HOW DO YOU DEFINE COMMUNITY?
  • LOCAL INSTITUTION: Your community is a definable group of people connected by place. You can probably name several of them. Many of them can name each other. You run into each other in and beyond the institution. It's reasonable to focus your marketing and programming on participation onsite at your institution or at sites within your city. Your community lives nearby. Of course they can participate here. 
  • DESTINATION INSTITUTION: If your visitors come from all over the world instead of from down the street, defining community strictly by place doesn't work. You can't define your primary community as the people of Manhattan if 75% of your visitors are from other cities. For huge institutions, it's more appropriate to define community by identity or affinity instead of by geography. Think Etsy, Sierra Club, Mormon Church. Each of these institutions engages a community of like-minded individuals spread around the globe. Engagement for a distributed community can't happen solely or even primarily onsite. It requires a lot more distributed online engagement to complement onsite engagement. 

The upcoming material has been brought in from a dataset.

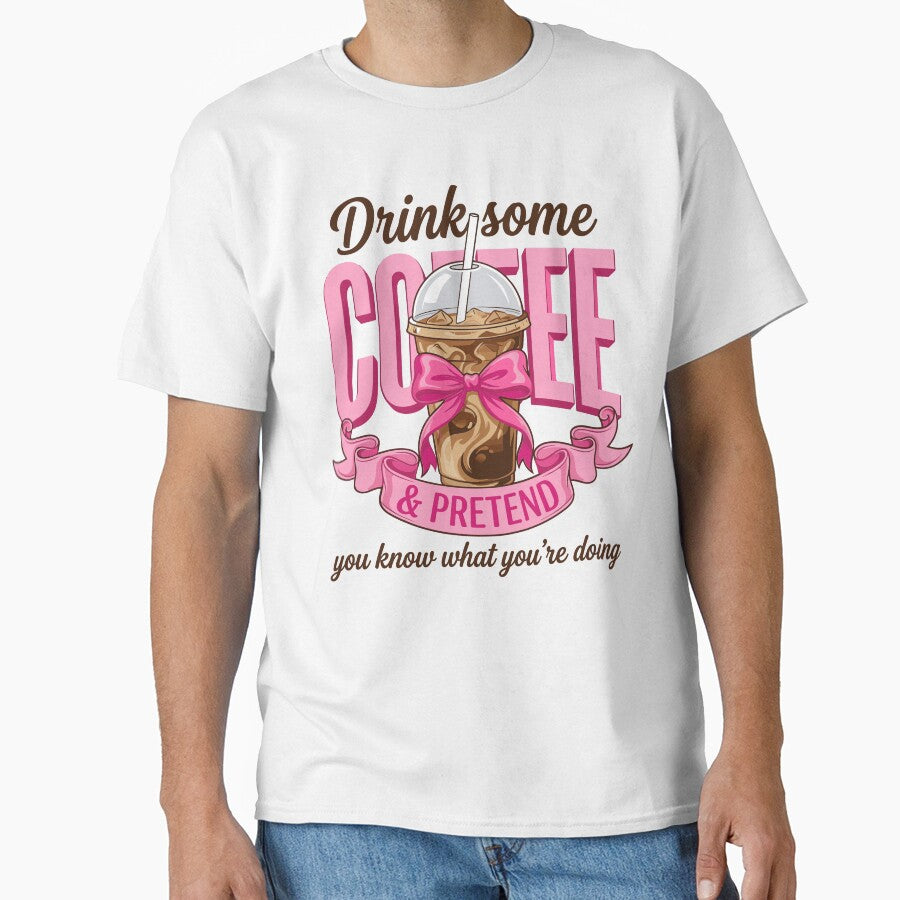 Funny Preppy Iced Coffee Pink Bow Quote by KroghDs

HOW DO YOU INVITE INDIVIDUALS TO PARTICIPATE?
  • LOCAL: If your visitors can come in often, you can build relationships with people over time. They can attend first as audience members or spectators, checking out the space and getting comfortable. As you get to know visitors, you can learn more about their talents and interests. You can invite them into opportunities that build on their strengths. You can invest in building relationships on your site and theirs. Participation can be onsite only, or onsite and online. It's OK to expect people to come back to keep going deeper, and it's manageable for you to go to their sites, too. 
  • DESTINATION: If visitors come once a year or once a decade, the stakes are higher on the first encounter. Onsite participation has to be welcoming to first-timers, and it should catalyze opportunities for deeper engagement offsite. That means offering clear, visible, appealing participatory experiences that enhance the destination experience. And then it means creating some kind of digital link--via email, social media, photos--that encourages people to continue building relationships when they are back home. 

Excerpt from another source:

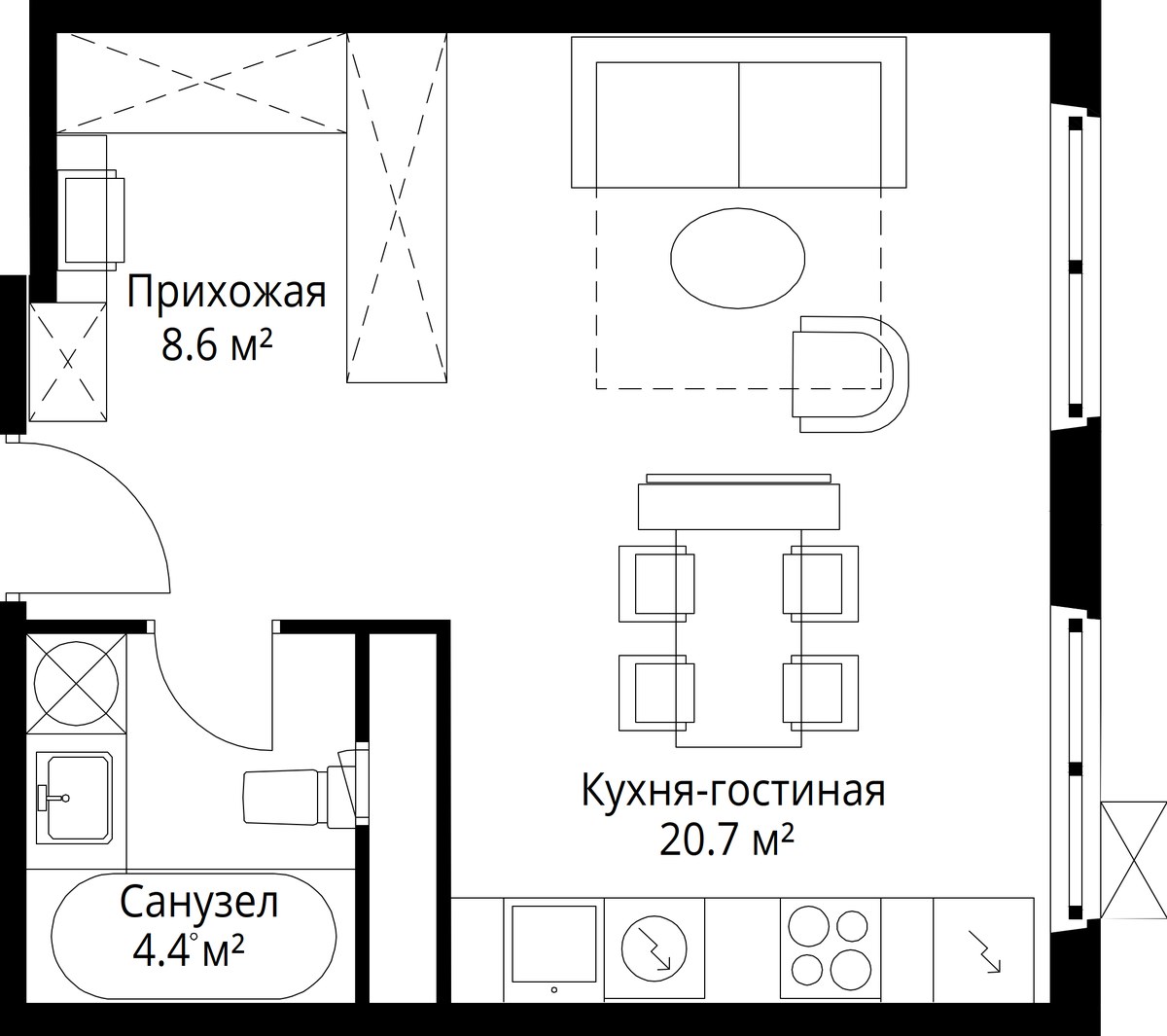 Планировка 33.7 м²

HOW DO YOU BUILD COMMUNITY THROUGH PARTICIPATION?  
  • LOCAL: One of the hazards of small and local institutions is the potential for insularity. Some organizations invite a certain number of locals into the club and then close the door. If you want to build community, you have to balance the tribal desire to bond with buddies with the collective opportunity to bridge with strangers. Strong local organizations build alliances across sectors, cultures, and neighborhoods. They link people together across differences. This can happen through committees, summits, or long-term projects in which a group puts on a show builds something together. The local scale makes it possible for individuals in the group to make commitments to the institution and to each other. 

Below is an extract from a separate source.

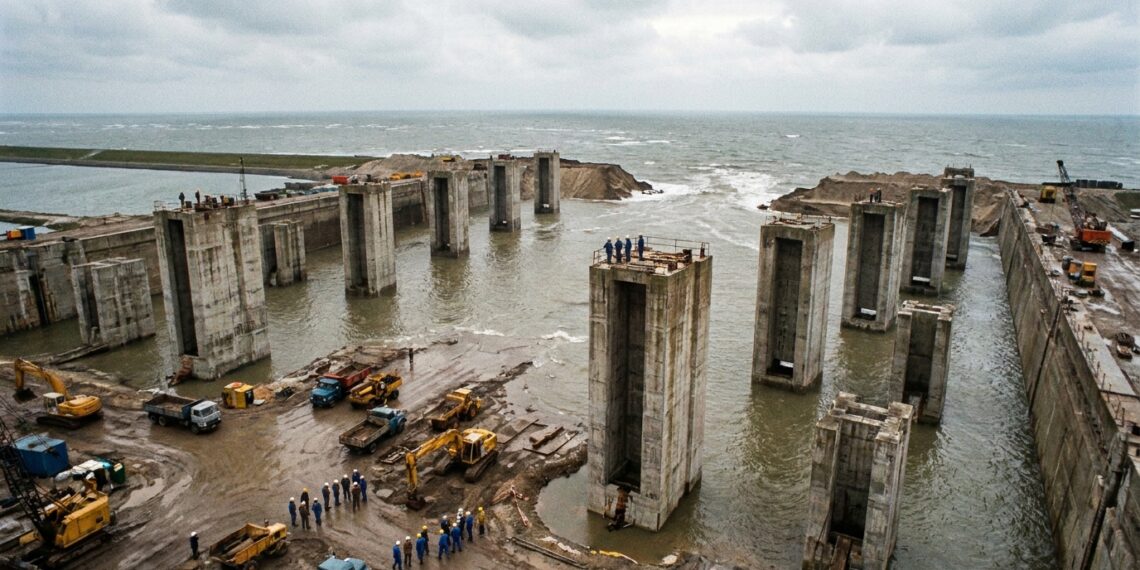 Canteiro seco com pilares gigantes é inundado durante obra na Holanda.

  • DESTINATION: Frankly, I think building community is difficult for large destination institutions to execute. Visitors to these institutions are often so focused on their own bonded group experience--my family vacation, our special date at the opera--that they are uninterested in strangers. Worse, since many of these institutions are crowded, visitors see strangers as annoying obstacles instead of potential friends and community members. However, destination institutions can build community through participation in at least two ways. First, through large crowd events (think political rally or pro sports game), where numbers work for you to build a sense of shared identity. Second, online, where participants from around the world can commit to long-term projects and relationships. 
I'll be honest: I prefer to work on the local level rather than in a big institution. I love tackling the challenges of building a more connected community in our county through art and history. I love sharing stories of our work--in part because I believe small institutions deserve more credit for their unique contributions to our field. But do I think local institutions are better than destination institutions? No. I appreciate the big guys too. Especially the ones developing ways for community participation to shine in their environments.

How do you see community participation thriving in large/destination institutions?